Brennie and Fran were all for it. Macker, who had a fear of heights, and Vinny, who had a fear of doing anything wrong, were not so sure.
“Don’t worry,” said Wotjek. “Privileged visitors get brought up there every day. My cousin is a guide and he made me a copy of the keys. I earn a little money on the side by arranging private viewings.”
Just then, there was a huge roar as Germany scored. The square erupted – goals do that to football-daft folk. “Come now, while the fans are distracted,” whispered Wotjek.
A few minute later, the five men were inside the Town Hall.
The final part of the ascent involved a breath-taking climb up twisting stone steps where Vinny was almost dropped.
First to the summit was Wotjek.
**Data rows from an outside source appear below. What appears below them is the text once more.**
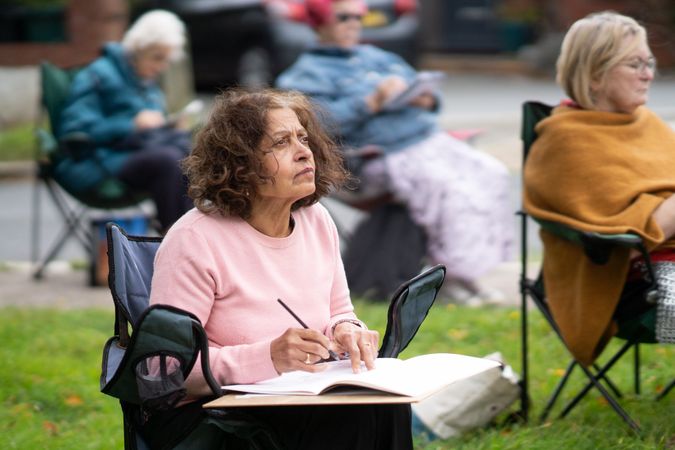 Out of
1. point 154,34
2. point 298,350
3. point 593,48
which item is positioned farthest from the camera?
point 154,34

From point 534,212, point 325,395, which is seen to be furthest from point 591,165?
point 325,395

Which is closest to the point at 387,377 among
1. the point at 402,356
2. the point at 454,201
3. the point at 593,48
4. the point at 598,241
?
the point at 598,241

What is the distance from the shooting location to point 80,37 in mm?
13562

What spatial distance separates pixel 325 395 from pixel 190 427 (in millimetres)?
382

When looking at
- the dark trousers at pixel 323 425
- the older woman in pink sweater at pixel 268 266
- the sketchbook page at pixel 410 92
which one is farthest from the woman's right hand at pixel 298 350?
the sketchbook page at pixel 410 92

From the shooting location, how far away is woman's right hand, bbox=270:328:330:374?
9.77ft

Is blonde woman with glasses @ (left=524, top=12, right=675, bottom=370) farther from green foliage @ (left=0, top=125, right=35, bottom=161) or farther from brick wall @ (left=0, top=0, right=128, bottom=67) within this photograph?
green foliage @ (left=0, top=125, right=35, bottom=161)

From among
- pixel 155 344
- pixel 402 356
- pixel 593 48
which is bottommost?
pixel 402 356

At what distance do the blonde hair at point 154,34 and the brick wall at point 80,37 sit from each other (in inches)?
191

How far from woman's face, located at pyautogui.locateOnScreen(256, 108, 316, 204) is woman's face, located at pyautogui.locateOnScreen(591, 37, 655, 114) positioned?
1.51 metres

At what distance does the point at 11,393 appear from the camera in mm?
5031

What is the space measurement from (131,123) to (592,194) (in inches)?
147

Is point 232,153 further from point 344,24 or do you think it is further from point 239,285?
point 344,24

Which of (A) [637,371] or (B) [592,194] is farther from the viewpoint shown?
(A) [637,371] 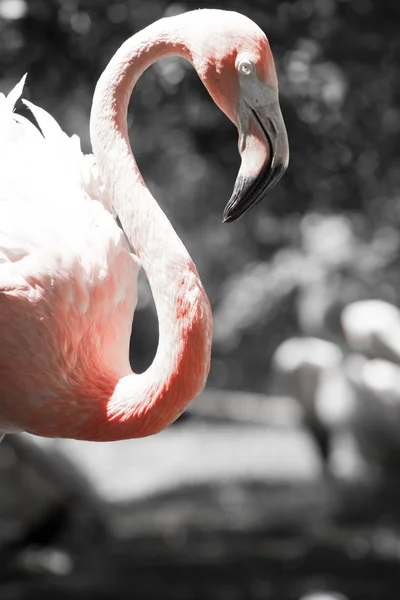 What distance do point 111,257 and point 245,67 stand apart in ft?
1.98

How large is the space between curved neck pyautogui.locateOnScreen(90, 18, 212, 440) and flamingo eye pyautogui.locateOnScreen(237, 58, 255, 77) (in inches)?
6.8

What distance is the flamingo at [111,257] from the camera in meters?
2.21

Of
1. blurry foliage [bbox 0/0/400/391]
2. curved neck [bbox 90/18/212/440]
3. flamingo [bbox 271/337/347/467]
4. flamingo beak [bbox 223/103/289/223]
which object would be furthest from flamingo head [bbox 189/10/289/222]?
flamingo [bbox 271/337/347/467]

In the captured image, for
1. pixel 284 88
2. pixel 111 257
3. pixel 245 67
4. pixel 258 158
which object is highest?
pixel 245 67

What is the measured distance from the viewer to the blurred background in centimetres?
474

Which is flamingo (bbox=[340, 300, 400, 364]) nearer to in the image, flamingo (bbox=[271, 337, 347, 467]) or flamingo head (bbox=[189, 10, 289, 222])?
flamingo (bbox=[271, 337, 347, 467])

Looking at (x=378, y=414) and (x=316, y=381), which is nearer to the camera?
A: (x=378, y=414)

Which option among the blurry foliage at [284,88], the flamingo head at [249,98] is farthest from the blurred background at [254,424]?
the flamingo head at [249,98]

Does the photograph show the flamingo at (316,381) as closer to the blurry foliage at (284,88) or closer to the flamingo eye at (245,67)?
the blurry foliage at (284,88)

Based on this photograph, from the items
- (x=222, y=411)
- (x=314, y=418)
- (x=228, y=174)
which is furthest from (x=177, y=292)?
(x=222, y=411)

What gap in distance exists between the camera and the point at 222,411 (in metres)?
7.19

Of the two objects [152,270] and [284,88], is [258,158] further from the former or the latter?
[284,88]

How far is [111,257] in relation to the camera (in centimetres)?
252

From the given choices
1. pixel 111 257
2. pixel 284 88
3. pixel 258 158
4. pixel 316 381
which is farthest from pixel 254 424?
pixel 258 158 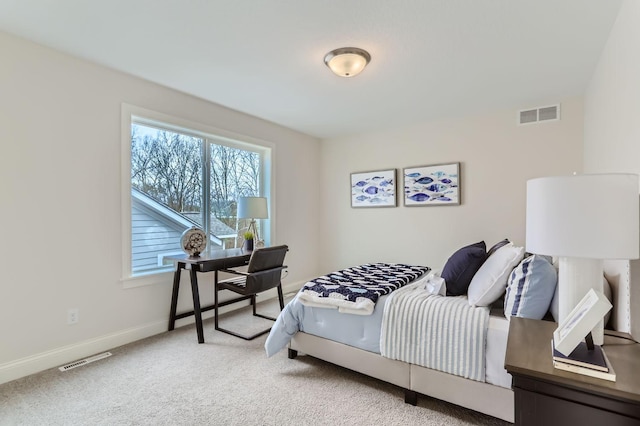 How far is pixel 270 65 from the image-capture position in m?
2.62

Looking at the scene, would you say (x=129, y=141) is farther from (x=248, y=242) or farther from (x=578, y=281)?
(x=578, y=281)

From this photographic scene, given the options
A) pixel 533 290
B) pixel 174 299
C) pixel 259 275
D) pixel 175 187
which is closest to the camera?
pixel 533 290

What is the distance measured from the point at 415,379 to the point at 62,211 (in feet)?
9.29

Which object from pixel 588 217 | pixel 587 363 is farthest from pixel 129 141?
pixel 587 363

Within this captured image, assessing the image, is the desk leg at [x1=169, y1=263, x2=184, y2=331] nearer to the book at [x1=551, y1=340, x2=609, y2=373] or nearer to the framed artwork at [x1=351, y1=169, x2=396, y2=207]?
the framed artwork at [x1=351, y1=169, x2=396, y2=207]

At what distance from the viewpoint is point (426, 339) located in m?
1.88

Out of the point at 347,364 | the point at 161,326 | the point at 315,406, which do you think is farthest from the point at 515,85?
the point at 161,326

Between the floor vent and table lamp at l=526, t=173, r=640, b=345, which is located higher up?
table lamp at l=526, t=173, r=640, b=345

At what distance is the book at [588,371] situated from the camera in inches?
37.9

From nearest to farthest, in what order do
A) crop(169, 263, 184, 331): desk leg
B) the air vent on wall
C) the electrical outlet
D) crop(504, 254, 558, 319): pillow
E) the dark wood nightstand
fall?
the dark wood nightstand
crop(504, 254, 558, 319): pillow
the electrical outlet
crop(169, 263, 184, 331): desk leg
the air vent on wall

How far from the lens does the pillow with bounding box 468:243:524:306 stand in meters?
1.88

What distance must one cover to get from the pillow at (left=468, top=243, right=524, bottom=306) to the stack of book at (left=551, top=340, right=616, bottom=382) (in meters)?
0.75

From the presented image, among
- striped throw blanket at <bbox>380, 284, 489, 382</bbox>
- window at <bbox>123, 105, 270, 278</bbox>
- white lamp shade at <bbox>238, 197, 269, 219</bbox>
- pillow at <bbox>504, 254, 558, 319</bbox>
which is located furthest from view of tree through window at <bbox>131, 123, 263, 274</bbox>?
pillow at <bbox>504, 254, 558, 319</bbox>

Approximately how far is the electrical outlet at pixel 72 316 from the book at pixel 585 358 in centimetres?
313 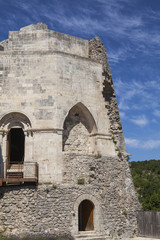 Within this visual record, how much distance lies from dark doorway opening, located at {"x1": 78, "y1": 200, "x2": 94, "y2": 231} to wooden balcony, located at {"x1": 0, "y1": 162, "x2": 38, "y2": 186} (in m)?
3.08

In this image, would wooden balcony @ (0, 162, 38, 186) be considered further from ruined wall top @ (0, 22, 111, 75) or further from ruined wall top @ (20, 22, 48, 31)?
ruined wall top @ (20, 22, 48, 31)

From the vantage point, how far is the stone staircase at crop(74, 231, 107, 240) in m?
13.0

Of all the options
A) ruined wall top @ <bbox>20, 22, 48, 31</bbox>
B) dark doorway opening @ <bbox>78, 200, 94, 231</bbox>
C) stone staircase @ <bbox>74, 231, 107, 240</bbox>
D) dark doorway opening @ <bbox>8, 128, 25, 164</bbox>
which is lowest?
stone staircase @ <bbox>74, 231, 107, 240</bbox>

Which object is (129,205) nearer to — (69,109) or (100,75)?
(69,109)

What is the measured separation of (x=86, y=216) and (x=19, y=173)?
12.8 ft

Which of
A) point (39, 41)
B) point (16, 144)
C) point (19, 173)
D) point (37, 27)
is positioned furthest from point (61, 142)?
point (37, 27)

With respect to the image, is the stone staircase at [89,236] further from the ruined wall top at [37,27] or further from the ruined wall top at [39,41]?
Answer: the ruined wall top at [37,27]

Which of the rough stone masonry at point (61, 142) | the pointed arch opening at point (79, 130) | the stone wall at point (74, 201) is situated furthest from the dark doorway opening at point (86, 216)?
the pointed arch opening at point (79, 130)

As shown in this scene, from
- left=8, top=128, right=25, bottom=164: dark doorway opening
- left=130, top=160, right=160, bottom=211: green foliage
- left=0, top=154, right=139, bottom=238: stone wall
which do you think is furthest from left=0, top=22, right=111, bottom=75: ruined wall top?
left=130, top=160, right=160, bottom=211: green foliage

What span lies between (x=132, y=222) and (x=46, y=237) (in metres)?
4.81

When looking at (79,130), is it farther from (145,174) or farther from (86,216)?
(145,174)

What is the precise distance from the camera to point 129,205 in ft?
49.5

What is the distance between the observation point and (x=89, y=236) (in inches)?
524

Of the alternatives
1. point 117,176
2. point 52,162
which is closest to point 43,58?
point 52,162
As he was about to slip a key into the lock of an old wooden door, he put out his hand. “That will be 200 zloty, please. It’s worth it, for the view.”
Soon, the lads were out on a tiny veranda flanked by two pillars overlooking the town square.
Way down below, Irish and Croat fans were milling around, looking like an army of ants.
“We might as well be hung for a sheep or a lamb, or even a goat,” grinned Brennie as he and Fran shuffled out on the balcony. Olé, olé, olé, olé,’ they shouted as loud as they could. “Olé, olé.”
“We’re on the march with Trap’s army, we’re on our way to Poz-a-nan and we’ll really shake them up when we win the Euro Cup, ’cos Ireland are the greatest football team.”
From down below, Vinny could see a few heads look up towards them. Suddenly, the attention was viral and thousands of supporters raised glasses and voices at the chanting from the heavens.
It was utter madness and Vinny felt intoxicated. This was Joxer in Stuttgart, with knobs on. He shifted out to the balcony and began shouting his potato-sized head off. “Olé, olé, olé, olé.’
Behind him, he heard a groan. Macker’s vertigo had kicked in. “Lads, I have to go back down,” he said.
As Vinny went to help his friend, Macker half-stumbled. He stuck out an arm to steady himself and pushed against a lever that Vinny hadn’t noticed before.
A few seconds later, there was a loud grating. Vinny felt a movement below his feet. The balcony floor began to move, like a conveyor belt. “Lads, something is happening here,” he cried
Suddenly, there was a wail from Wotjek. “The goats are coming, the goats are coming!”
On one side of the balcony the pillar parted and Vinny saw a flash of silver as a giant mechanical goat, complete with curved horns, emerged from the darkness.
At the opposite side of the balcony, another goat appeared from its concrete den, almost knocking Brennie for six.
The lads stood transfixed, backs tight to the wall as the goats began to head-butt the bejaypurs out of one another, creating an awful racket. It was like something from a Harry Potter movie, thought Vinny.
Just as the goats finished scrapping and slid back into their lairs, the police arrived. For Vinny and the lads, a long day’s journey into night had begun.